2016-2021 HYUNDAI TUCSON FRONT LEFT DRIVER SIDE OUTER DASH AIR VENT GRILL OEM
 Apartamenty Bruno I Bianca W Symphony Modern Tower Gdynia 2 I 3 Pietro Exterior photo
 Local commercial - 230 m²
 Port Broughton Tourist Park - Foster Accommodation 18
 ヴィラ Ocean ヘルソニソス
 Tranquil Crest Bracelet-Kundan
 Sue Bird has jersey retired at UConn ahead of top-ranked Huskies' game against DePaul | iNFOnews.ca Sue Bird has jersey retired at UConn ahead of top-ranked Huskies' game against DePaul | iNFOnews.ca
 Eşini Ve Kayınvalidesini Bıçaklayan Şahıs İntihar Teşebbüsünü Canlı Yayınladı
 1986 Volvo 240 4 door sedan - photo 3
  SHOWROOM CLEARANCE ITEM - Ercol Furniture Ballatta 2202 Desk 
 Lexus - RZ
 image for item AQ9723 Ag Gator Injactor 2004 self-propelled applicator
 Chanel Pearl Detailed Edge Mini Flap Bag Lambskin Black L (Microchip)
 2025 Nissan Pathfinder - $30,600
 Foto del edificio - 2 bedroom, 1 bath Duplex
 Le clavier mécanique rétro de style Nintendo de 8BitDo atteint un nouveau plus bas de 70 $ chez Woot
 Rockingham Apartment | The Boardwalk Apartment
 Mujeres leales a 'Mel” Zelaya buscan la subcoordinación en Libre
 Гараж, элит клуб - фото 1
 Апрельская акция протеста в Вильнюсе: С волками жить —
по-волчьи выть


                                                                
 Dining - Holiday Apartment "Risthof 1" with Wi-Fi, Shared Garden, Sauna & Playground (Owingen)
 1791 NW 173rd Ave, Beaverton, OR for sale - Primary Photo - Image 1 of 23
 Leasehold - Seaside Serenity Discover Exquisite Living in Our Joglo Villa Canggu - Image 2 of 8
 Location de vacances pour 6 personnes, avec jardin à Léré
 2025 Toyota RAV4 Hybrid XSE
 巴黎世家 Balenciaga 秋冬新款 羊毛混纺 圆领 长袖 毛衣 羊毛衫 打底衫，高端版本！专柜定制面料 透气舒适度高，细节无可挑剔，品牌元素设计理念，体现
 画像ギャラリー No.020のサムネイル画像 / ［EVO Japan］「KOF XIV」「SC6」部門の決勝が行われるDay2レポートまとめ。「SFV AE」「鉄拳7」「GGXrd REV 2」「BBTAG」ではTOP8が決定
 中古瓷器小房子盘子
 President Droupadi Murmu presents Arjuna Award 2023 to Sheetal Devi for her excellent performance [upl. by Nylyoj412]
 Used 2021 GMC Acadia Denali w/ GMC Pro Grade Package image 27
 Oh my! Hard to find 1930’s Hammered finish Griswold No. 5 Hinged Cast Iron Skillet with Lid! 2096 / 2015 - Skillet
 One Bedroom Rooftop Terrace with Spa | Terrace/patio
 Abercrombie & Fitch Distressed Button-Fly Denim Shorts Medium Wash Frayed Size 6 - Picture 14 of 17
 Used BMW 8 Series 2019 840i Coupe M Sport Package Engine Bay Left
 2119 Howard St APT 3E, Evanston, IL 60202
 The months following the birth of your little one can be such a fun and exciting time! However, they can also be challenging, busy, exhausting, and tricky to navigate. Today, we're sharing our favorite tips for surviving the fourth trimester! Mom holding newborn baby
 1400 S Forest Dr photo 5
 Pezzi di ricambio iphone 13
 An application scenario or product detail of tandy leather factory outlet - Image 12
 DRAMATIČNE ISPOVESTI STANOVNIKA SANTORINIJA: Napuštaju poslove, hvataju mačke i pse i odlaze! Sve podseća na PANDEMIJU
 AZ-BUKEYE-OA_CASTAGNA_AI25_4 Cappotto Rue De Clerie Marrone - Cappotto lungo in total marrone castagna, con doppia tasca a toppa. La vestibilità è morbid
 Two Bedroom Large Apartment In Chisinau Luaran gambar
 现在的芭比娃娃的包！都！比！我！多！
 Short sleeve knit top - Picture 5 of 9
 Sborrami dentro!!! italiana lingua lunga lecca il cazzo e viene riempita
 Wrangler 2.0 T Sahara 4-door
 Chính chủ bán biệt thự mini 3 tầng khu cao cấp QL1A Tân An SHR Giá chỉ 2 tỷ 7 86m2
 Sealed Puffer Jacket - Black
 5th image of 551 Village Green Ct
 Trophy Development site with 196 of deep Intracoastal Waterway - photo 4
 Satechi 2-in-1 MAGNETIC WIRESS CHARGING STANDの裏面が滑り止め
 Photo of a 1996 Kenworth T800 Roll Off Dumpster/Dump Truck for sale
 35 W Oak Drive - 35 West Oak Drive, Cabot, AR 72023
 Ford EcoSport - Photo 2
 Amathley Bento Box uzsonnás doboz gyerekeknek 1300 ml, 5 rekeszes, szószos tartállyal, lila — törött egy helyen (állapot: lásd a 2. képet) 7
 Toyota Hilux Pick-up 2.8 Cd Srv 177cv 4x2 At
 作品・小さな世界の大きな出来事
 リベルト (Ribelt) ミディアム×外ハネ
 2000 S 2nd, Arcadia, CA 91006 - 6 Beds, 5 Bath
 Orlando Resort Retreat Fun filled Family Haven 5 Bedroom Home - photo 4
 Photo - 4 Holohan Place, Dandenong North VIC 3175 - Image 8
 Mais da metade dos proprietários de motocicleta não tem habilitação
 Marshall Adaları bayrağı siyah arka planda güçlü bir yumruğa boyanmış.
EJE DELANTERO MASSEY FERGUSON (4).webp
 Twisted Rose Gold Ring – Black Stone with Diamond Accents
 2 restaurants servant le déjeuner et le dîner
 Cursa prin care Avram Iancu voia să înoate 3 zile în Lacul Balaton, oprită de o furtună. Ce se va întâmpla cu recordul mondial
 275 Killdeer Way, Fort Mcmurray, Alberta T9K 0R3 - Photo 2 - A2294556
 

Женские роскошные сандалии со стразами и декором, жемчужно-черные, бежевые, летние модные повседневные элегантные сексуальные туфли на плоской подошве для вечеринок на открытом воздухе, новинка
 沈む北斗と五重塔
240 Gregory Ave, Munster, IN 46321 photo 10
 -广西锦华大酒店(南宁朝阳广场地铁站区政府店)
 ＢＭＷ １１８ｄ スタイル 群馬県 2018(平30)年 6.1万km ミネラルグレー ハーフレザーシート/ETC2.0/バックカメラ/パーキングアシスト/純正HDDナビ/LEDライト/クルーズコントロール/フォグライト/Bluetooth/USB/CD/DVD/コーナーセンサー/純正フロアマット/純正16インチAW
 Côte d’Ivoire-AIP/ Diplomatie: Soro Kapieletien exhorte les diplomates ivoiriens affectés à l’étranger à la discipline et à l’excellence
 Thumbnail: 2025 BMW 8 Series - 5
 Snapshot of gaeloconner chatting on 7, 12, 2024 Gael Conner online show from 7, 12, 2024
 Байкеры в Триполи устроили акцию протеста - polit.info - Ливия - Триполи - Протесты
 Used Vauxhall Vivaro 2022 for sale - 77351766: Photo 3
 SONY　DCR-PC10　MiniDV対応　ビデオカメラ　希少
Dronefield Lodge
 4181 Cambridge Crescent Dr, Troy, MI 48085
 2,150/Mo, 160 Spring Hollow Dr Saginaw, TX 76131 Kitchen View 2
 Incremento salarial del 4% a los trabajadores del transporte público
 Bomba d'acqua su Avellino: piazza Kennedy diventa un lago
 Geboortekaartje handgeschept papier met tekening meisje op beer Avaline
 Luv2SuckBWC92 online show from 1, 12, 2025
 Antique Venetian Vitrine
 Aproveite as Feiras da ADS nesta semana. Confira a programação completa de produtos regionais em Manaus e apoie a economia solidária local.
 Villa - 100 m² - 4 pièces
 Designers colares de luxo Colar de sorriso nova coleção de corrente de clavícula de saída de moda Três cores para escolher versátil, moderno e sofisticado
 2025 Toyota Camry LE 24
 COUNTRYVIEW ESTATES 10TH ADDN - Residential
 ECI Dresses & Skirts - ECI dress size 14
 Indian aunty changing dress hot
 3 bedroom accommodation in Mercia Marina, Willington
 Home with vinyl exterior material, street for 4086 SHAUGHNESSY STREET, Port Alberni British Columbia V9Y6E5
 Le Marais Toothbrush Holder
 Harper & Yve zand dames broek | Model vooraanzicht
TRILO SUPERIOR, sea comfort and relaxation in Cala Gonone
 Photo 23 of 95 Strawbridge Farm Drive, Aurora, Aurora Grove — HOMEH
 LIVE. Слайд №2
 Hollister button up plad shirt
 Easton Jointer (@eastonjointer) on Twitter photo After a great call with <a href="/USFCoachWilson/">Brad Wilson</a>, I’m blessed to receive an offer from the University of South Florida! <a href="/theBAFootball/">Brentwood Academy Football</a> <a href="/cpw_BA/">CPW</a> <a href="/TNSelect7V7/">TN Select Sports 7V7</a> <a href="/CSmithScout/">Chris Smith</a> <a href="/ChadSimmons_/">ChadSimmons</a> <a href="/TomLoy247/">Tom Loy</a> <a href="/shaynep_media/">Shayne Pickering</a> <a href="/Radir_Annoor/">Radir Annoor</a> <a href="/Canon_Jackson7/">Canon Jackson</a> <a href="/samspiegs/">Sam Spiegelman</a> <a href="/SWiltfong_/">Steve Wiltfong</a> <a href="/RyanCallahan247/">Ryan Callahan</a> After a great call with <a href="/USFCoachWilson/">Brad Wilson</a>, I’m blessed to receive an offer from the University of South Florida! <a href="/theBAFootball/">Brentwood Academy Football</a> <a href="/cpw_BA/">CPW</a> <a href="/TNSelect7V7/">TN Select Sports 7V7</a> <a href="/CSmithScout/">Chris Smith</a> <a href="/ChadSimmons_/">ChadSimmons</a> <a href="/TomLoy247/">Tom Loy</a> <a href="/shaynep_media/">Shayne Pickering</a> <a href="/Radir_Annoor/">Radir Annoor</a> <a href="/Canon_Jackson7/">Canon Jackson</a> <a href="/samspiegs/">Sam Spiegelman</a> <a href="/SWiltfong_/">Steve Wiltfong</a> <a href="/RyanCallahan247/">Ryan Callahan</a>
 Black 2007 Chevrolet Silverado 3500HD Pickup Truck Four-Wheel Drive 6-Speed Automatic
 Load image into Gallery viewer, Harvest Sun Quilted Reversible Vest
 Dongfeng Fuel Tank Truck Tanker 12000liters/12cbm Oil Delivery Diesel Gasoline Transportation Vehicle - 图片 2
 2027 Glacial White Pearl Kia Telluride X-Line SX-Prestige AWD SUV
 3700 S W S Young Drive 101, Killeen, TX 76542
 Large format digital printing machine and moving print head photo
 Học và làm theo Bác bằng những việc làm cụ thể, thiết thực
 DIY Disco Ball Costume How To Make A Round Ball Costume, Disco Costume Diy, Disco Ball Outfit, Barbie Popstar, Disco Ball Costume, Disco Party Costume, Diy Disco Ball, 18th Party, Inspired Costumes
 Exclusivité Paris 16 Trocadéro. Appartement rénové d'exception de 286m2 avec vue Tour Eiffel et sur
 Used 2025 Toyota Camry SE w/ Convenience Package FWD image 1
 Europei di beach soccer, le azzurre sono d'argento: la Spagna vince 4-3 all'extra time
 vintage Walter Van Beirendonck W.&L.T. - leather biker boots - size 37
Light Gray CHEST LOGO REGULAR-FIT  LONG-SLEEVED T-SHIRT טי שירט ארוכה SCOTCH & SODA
───
Your answer must be the lines above from the one containing "现在的芭比娃娃的包！都！比！我！多！" to the one containing "Sealed Puffer Jacket - Black", both included, restated word for word.

 现在的芭比娃娃的包！都！比！我！多！
 Short sleeve knit top - Picture 5 of 9
 Sborrami dentro!!! italiana lingua lunga lecca il cazzo e viene riempita
 Wrangler 2.0 T Sahara 4-door
 Chính chủ bán biệt thự mini 3 tầng khu cao cấp QL1A Tân An SHR Giá chỉ 2 tỷ 7 86m2
 Sealed Puffer Jacket - Black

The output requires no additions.